What is Dinky Bakers?
Dinky Bakers is a children’s kitchen learning brand built around the idea that cooking is one of the most natural, low-pressure ways for children to learn. Through recipes and activities you’ll find on the site, children build maths, literacy, fine and gross motor skills, science understanding and confidence — all while having fun in the kitchen with you.
Everything here is rooted in the Stages Not Ages framework — a deliberate move away from age labels that lets every child take part at their own pace.
Who’s behind Dinky Bakers?
Hello! I’m Laura — a mum of three based in Buckinghamshire, and the founder of Dinky Bakers. I worked for five years as a Learning Support Assistant in a primary school, supporting children who learn in lots of different ways. That experience, alongside parenting my own three, is what shaped this brand.
You can read more about my story on the About page.
Why was Dinky Bakers started?
Because not every child thrives in a textbook. As an LSA I saw children switch off when learning felt too rigid, and as a parent I knew there had to be another way to engage them. The kitchen turned out to be it — children naturally lean in when there’s mixing, pouring, smelling and tasting going on, and the learning slips in alongside.
Dinky Bakers is about bringing the magic back to learning, and giving parents the tools to do it without needing to be a teacher.
Is Dinky Bakers SEND-friendly?
Yes — and that’s been a non-negotiable from day one. The Stages Not Ages framework was specifically designed to suit children who learn differently, develop at their own pace, or face circumstances that make traditional learning harder. There are no age labels, no expectations of what a child “should” be able to do, and every recipe gives you flexibility to adapt to your child.
🌟 Stages Not Ages
How the framework works and how to use it with your child.
What is Stages Not Ages?
Stages Not Ages is the heart of everything at Dinky Bakers. Instead of asking “is this recipe right for a 4-year-old?”, it asks “is this recipe right for an Explorer, a Helper, or a Little Chef?” — three stages that describe what a child can do, not how old they are.
Children develop at very different rates, and age-labelled activities can leave parents feeling like their child is behind, or that the activity is suddenly “too young” for them. Stages remove all of that pressure.
You can read the full philosophy on the Stages Not Ages page.
What are the three stages?
🌱 Explorer — touching, smelling, watching, choosing. Sensory and curious. The Explorer isn’t doing the cooking yet, but they’re absorbing everything. Pouring pre-measured ingredients, washing fruit, tearing herbs.
🌟 Helper — doing more of the work alongside you. Measuring, spooning, mixing, rolling, counting. Following a 2–3 step recipe with support. Building real skills with you on standby.

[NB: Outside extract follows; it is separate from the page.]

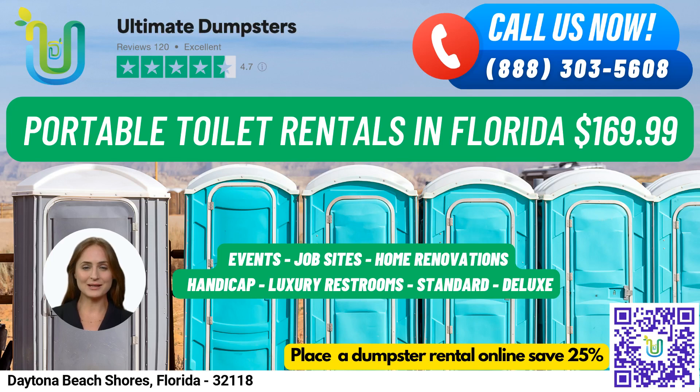Hello and welcome to Ultimate Dumpsters, your go-to source for renting portable toilets in Daytona Beach Shores, Florida. We are proud to offer nationwide coverage delivering to over 50,000 cities across 50 states and 3 countries, sourcing dumpsters using the best and cheapest local providers. With a 4.5-star rated reputation, you can trust us to provide reliable and efficient services for all your waste management needs.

👨🍳 Little Chef — flying mostly solo. Reading the recipe, weighing on scales, making creative decisions, using a child-safe knife with confidence. You’re nearby for support, but they’re driving.
Which stage is my child?
You’ll know best — but here’s a quick way to think about it. If your child mostly wants to watch and explore, they’re an Explorer. If they want to do things alongside you, they’re a Helper. If they’re asking to do it themselves, they’re moving into Little Chef.
Don’t overthink it. The brilliant thing about stages is your child might be a Helper at mixing and an Explorer at slicing — that’s completely fine. Use whichever stage fits the task, not the child as a whole.
Can my child move between stages?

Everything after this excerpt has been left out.